Wednesday, July 11, 2012

General Convention: the cry goes up, how long?


I have been casually reading comments on the General Convention going on now, and the comments from  George Clifford, on Episcopal Café  follow along with the more reasonable ones. He hammers home the point that much of the discussion at church conventions (all denominations) rates barely a blip in the rest of the country, and that all the various “reforms” do little or nothing to stop the numerical and financial decline of the denomination. He made a few ho-hum, re-hashed suggestions about what to do about all this.

Near the end of his commentary, he made real progress though. This makes sense:

… formal denominational efforts to influence national and international policies and legislation have achieved proportionately few results for the resources invested. Single-issue ecumenical organizations, such as Interfaith Power and Light, have enlisted greater support, received larger resources, and produced greater results.

Successfully re-visioning and re-creating TEC will produce an organization focused on its strength (building local communities of God's people who join in worship, caring for one another, and offer hospitality to strangers) that networks with other Christian organizations to achieve other aspects of the gospel mandate. The end of Christendom suggests that a strategy loosely linked multiple organizations may be more effective than the monolithic church of the past. The Church’s unity will be seen in relationships rather than structures.

The central organization of the Episcopal Church (using that stupid abbreviation “TEC” or even worse “ECUSA” is a major PART of this whole problem! So fucking in-groupy) can do whatever it wants to. It doesn’t matter to the mission of the church. People can go to Convention and work out governance matters, and we clergy can follow the rules. Fine.
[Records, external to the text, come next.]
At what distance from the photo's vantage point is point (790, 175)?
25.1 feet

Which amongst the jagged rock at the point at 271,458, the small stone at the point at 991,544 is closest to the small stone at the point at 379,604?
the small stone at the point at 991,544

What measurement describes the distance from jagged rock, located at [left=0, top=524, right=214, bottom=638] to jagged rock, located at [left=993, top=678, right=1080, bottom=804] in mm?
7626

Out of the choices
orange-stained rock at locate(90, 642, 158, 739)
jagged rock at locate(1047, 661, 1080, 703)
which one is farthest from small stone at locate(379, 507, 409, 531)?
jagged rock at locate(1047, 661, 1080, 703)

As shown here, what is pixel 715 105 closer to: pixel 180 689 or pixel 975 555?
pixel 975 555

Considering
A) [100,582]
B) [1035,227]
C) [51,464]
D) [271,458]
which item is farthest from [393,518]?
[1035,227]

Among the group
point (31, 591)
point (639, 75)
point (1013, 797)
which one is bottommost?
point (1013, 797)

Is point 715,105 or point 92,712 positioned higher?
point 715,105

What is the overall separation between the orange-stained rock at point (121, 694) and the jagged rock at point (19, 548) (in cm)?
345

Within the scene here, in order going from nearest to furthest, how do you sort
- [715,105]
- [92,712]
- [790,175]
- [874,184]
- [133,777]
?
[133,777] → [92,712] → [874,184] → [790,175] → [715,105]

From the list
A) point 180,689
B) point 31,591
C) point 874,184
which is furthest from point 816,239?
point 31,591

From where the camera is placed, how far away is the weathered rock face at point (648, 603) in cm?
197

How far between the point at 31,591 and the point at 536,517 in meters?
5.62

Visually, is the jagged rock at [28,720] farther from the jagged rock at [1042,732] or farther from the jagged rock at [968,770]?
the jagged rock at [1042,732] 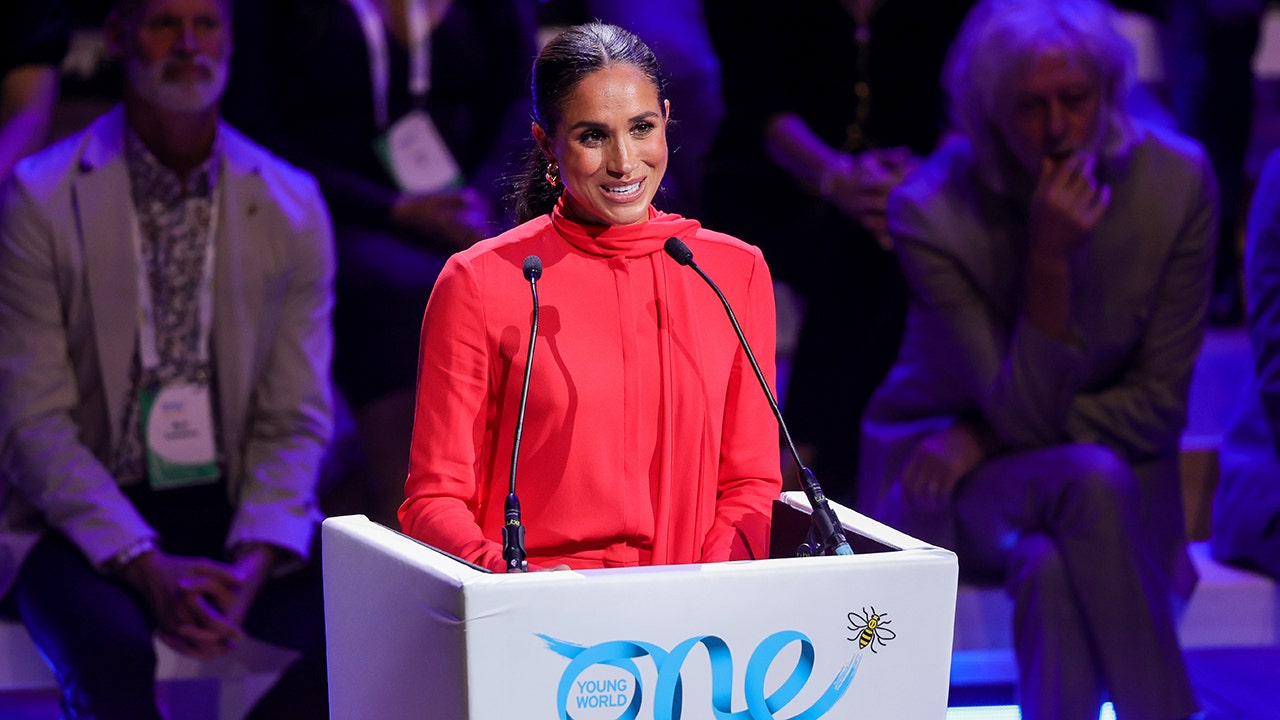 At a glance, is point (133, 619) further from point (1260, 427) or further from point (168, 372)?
point (1260, 427)

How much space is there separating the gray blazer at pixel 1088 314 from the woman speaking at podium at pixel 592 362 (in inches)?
68.5

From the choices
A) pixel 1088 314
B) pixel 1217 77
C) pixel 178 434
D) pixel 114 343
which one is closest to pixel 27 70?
pixel 114 343

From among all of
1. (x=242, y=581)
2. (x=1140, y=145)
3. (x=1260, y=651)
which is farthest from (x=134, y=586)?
(x=1260, y=651)

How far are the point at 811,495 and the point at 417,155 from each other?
2198mm

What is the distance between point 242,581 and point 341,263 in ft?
2.55

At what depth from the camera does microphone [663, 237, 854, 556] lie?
1483 mm

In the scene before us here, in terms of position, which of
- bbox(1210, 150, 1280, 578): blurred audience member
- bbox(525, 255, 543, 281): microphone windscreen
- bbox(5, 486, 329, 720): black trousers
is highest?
bbox(525, 255, 543, 281): microphone windscreen

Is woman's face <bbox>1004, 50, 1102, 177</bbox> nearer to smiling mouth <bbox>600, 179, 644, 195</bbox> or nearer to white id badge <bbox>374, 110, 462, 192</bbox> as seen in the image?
white id badge <bbox>374, 110, 462, 192</bbox>

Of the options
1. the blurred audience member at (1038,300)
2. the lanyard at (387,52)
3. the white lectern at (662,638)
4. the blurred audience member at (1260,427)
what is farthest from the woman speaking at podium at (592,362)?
the blurred audience member at (1260,427)

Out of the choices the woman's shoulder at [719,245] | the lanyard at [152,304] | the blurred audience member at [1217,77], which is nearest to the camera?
the woman's shoulder at [719,245]

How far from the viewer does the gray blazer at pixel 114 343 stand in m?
3.17

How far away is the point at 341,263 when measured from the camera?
3.50m

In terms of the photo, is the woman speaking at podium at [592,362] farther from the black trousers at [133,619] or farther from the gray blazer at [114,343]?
the gray blazer at [114,343]

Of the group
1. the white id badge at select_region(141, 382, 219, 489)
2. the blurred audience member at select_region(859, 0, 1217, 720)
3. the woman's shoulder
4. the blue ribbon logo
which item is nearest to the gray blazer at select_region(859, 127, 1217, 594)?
the blurred audience member at select_region(859, 0, 1217, 720)
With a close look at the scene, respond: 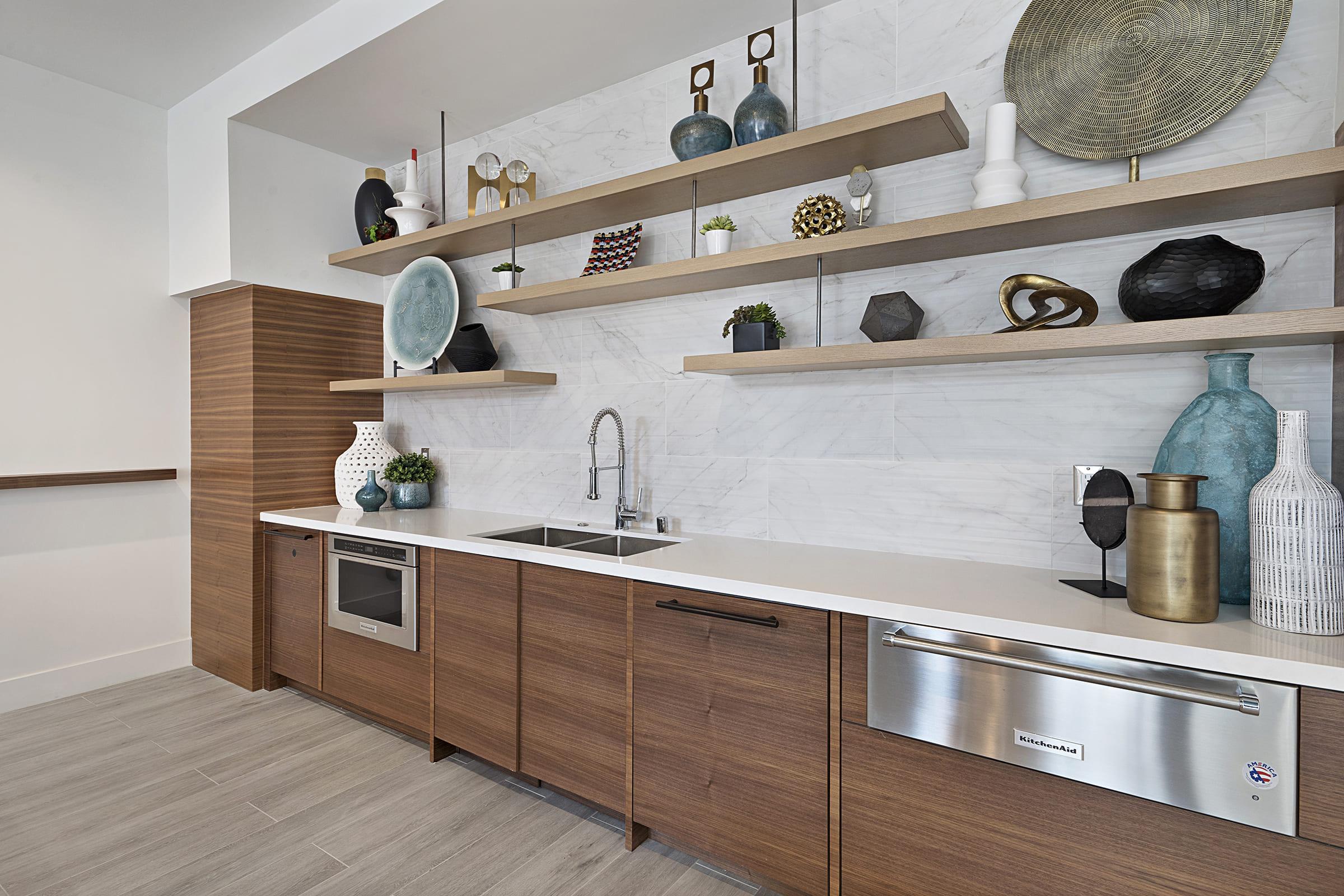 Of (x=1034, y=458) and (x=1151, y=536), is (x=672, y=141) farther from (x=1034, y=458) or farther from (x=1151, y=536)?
(x=1151, y=536)

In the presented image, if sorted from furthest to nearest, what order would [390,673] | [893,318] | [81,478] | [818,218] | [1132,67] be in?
[81,478] < [390,673] < [818,218] < [893,318] < [1132,67]

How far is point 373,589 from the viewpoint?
2.61m

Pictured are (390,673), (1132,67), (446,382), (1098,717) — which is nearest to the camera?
(1098,717)

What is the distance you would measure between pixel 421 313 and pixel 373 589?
1.35 meters

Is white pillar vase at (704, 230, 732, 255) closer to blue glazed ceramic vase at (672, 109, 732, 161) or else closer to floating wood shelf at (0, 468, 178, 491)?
blue glazed ceramic vase at (672, 109, 732, 161)

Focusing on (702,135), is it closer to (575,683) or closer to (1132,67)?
(1132,67)

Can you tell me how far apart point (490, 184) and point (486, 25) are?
0.69m

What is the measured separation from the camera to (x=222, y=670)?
3.29m

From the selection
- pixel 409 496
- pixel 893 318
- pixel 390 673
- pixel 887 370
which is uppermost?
pixel 893 318

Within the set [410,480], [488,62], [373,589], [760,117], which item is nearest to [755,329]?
[760,117]

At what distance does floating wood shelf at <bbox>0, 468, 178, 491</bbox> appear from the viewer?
2.86 metres

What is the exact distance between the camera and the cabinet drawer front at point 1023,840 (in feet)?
3.69

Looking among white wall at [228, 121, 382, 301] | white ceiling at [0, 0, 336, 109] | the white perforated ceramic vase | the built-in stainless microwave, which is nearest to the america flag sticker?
the built-in stainless microwave

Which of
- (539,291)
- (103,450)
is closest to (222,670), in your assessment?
(103,450) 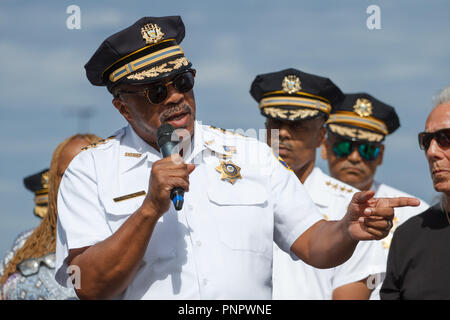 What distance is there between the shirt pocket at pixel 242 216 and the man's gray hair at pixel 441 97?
1.42 meters

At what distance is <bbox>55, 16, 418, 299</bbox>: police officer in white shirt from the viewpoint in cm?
427

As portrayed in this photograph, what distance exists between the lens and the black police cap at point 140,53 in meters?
4.81

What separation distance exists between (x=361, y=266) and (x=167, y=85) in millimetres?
2764

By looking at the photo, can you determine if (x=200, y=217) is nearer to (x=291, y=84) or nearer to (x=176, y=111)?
(x=176, y=111)

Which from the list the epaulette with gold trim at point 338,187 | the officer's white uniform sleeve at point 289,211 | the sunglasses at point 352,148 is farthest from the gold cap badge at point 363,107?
the officer's white uniform sleeve at point 289,211

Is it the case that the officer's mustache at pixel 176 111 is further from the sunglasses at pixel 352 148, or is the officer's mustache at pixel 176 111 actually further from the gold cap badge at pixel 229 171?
the sunglasses at pixel 352 148

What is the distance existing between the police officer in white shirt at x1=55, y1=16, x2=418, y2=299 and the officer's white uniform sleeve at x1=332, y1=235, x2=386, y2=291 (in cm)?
206

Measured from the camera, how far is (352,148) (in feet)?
30.4

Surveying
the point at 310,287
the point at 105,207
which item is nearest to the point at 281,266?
the point at 310,287

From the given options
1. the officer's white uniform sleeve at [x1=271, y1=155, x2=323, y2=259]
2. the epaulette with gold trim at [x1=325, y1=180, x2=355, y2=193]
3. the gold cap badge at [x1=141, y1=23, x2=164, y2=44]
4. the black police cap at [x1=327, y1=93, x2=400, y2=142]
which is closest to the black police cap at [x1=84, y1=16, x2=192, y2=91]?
the gold cap badge at [x1=141, y1=23, x2=164, y2=44]

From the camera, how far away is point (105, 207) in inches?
181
Meanwhile, the real church happens, as Clifford says, in de-centralized relational organizations, groups which rise up as occasions demand, and then fall away – if those who organized them have the good sense to get out of the way when the purposes for which they were organized no longer exist.

Enlightenment/entitlement theology has a death grip on the institutional church. Every fractured interest group wants a seat at the Table – but guess what: there is no Table any more, no one place where all the important decisions are made. There are many, multiple tables, and the ones which offer the most effective hospitality are the ones on local levels – some Christian, some interfaith, some post-Christian.

In 1919, the churches developed the strategy that the best way to influence American society was to imitate it – to develop its own corporate structure that mirrored the most successful models of American life, the corporation. This strategy became fully incarnate with the establishment of the Church Center at 815 Second Avenue. Church as corporation worked for a while, but it has calcified. Even big American corporations are more flexible than the Episcopal Church. Management schools have for quite some time developed more decentralized models, sensitive and able to change and adapt to changing environments. Business, which we imitated, changed – even Mad Men, by the 5th season, wasn’t Mad Men in the same way. The church, however, remains wedded to what it looked like in 1960. There are thousands of people who like it that way – all those people who love going to church meetings. It is fun. It can be exhausting. You can come to believe that it is important.

Meanwhile, whole new webs, relationships, projects, plans, organizations grow and shrink around us. In many cases, they ARE us, and in many more cases we can find common mission in ways that have nothing to do with institutional structures.

2 comments:

  1. I thoroughly agree with your post. Throughout the week I felt one is either called to the work of General Convention or not. I am not called. I am glad I served as an alternate as the role offered me a great opportunity to better understand the governance of the church. My favorite parts of General Convention was meeting new people to explore ways of living the Gospel.

    There is a structural dissonance that is out of step with 30 churches closing every month and the expectation that 2 to 3 times more will close every month over the next 5-10 years. The triumphalism of General Convention is part of the denial that The Episcopal Church is timeless and will not change.

    As a priest I feel far more connected living the Gospel through my Postcolonial Networks in its multi-faith and transnational relationships than I do at General Convention. In these relationships there is abundant space for ambiguity and a multiplicity of ways of living and questioning.

    I continue to be uncomfortable with the dominant model of the Christian church where unity reigns and we must all agree or the majority agrees and then we all must follow the way chosen. Unity of this nature is a colonial model that perpetuates interpersonal violence. Why not walk in multiple directions of practiced faith and then meet at the Eucharistic table to be fed for the journey?

    I do not see change coming other than through an organic process over time. Change will not come through General Convention but rather will emerge through changes in the way people practice their faith and live their values.

    Thank you for your post.

    ReplyDelete
  2. Thanks, Joe! really thoughtful - so glad to hear about your experiences. There are many ways and places that Christian community DOES work and does do good things - I was glad George Clifford picked up on groups like Interfaith Power and Light, which, like your Post-Colonial network, pulls together disparate people and moves things along. There absolutely can be sustainable (financially and spiritually) parish churches, but it requires enormous flexiblity and imagination to surf the tsunami waves of culture.